Création de 2800 emplois équivalents temps plein
Au global, cela représente un investissement qui "devrait contribuer à hauteur de 17,2 milliards d'euros (...) jusqu'en 2040" au produit intérieur brut allemand, lequel était de 4500 milliards d'euros en 2023. Il devrait également soutenir "en moyenne 2800 emplois équivalents temps plein" dans les entreprises allemandes "chaque année".
AWS prévoit aussi la création de "nouveaux postes permanents hautement qualifiés" chargés de construire et exploiter cette nouvelle région dédiée à son cloud "souverain". Ce point est essentiel, note l'entreprise puisque "toutes les opérations quotidiennes (...) y compris l'accès aux données, l'assistance technique et le service client" liées à ce cloud seront "contrôlées exclusivement par du personnel situé dans l'UE". C'est en effet l'objectif de la nouvelle offre d'AWS : promettre une étanchéité entre son "European Sovereign Cloud" et les régions préexistantes pour les clients ayant des besoins forts en matière de souveraineté des données. Plus particulièrement, l'entreprise dit s'adresser aux "organisations du secteur public" ainsi qu'aux clients "des secteurs hautement réglementés".
Pas de dégradation des services proposés
L'autre promesse d'AWS est de proposer "le même portefeuille de services étendu et les mêmes API". Autrement dit, "nous retrouvons la même étendue de services et d'options qu'avec les offres commerciales existantes", avait expliqué Stephan Hadinger, directeur de la technologie d'AWS France, lors d'une interview avec L'Usine Digitale.
Dans les détails, l'AWS European Sovereign Cloud sera "physiquement et logistiquement" séparé des autres régions cloud existantes tout en ayant "la même sécurité, la même disponibilité et les mêmes performances", explique l'entreprise. Chaque zone disposera de sa propre "alimentation", système de "refroidissement" ainsi que d'une "sécurité physique indépendante". A noter qu'étant une entreprise américaine, Amazon est tout de même soumise à l'arsenal législatif américain, dont le CLOUD Act qui permet - sous certaines conditions - aux autorités américaines d'accéder aux données stockées dans un data center appartenant à une entreprise américaine situé dans n'importe quel pays.

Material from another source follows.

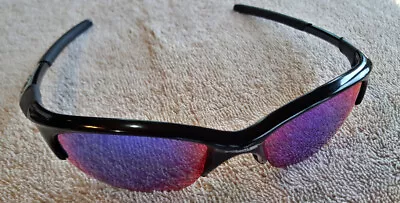 RARE OAKLEY HALF JACKET SUNGLASSES Black Frame W/Violet Iridium Lenses - Vintage • $37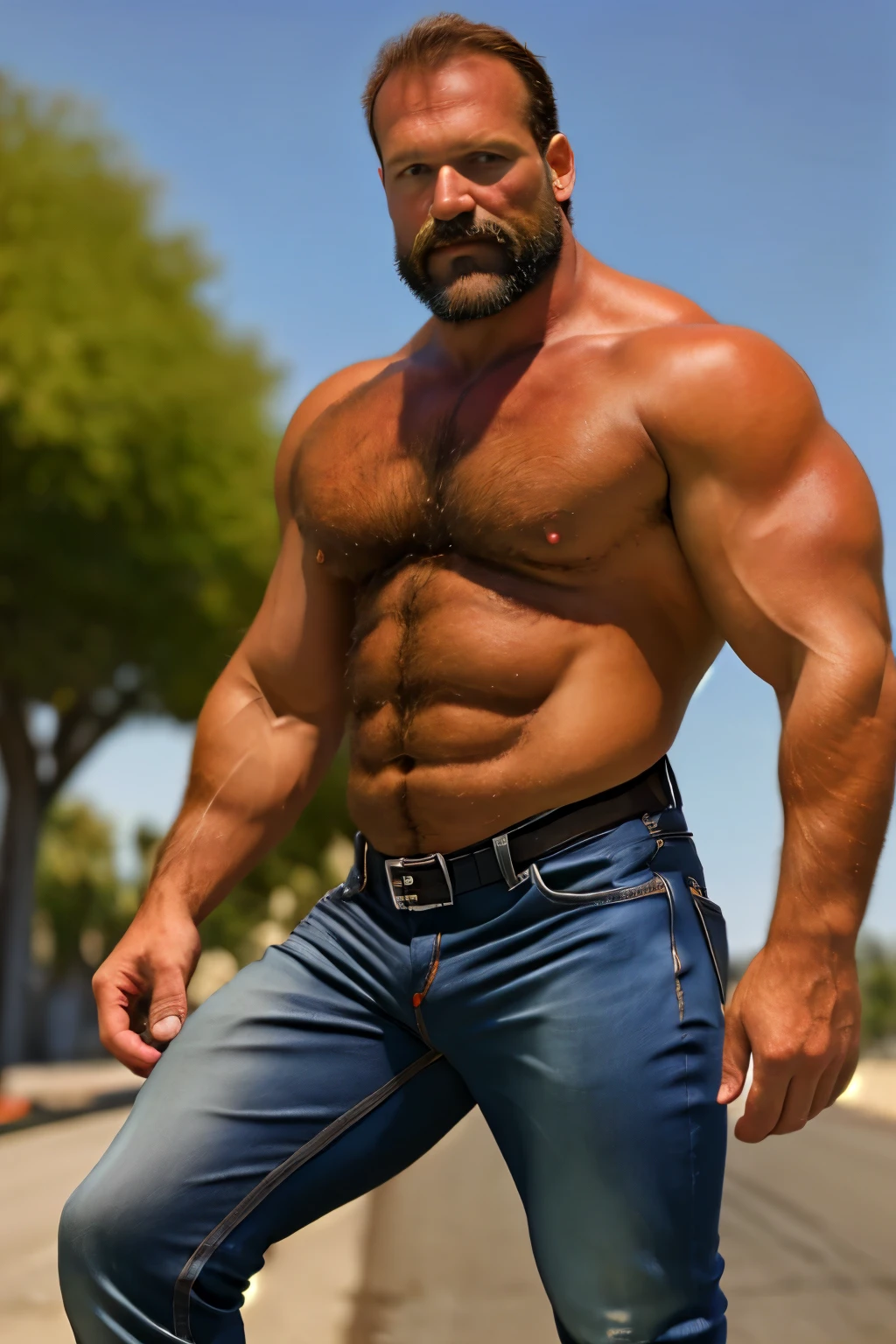 (ultra realistic, 32k, RAW photo:1.1), 8k uhd, dslr, high quality, film grain, (a hairy 40yo rocker biker man), california, standing on street, tight jeans, bulging crotch, thorn jeans, (front view), dynamic pose, wind, sun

Quelle stratégie sera payante ?
A l'image de ses deux grands concurrents, Google Cloud et Microsoft Azure, AWS se lance dans la bataille du cloud dit "souverain" mais en adoptant une stratégie bien différente. En effet, le géant ne vise pas l'obtention du visa SecNumCloud délivré par l'Agence nationale de la sécurité des systèmes d'information (Anssi), du moins pour l'instant, comme nous l'avait indiqué Stephan Hadinger. Sa stratégie semble plus proche de celle d'Oracle avec son offre "EU Sovereign Cloud" annoncée en juin 2023 et disponible depuis août 2023.
De leurs côtés, Google et Microsoft ont choisi de tisser des partenariats avec des entreprises françaises afin de viser l'obtention du précieux sésame. Google Cloud s'est ainsi associé à Thales avec S3NS. Microsoft s'est lui rapproché d'Orange et Capgemini pour créer Bleu. Il reste à voir quelle stratégie sera réellement payante. A noter que Google Cloud et Thales visent vise l’entrée dans le processus de qualification SecNumCloud au mois de juin 2024.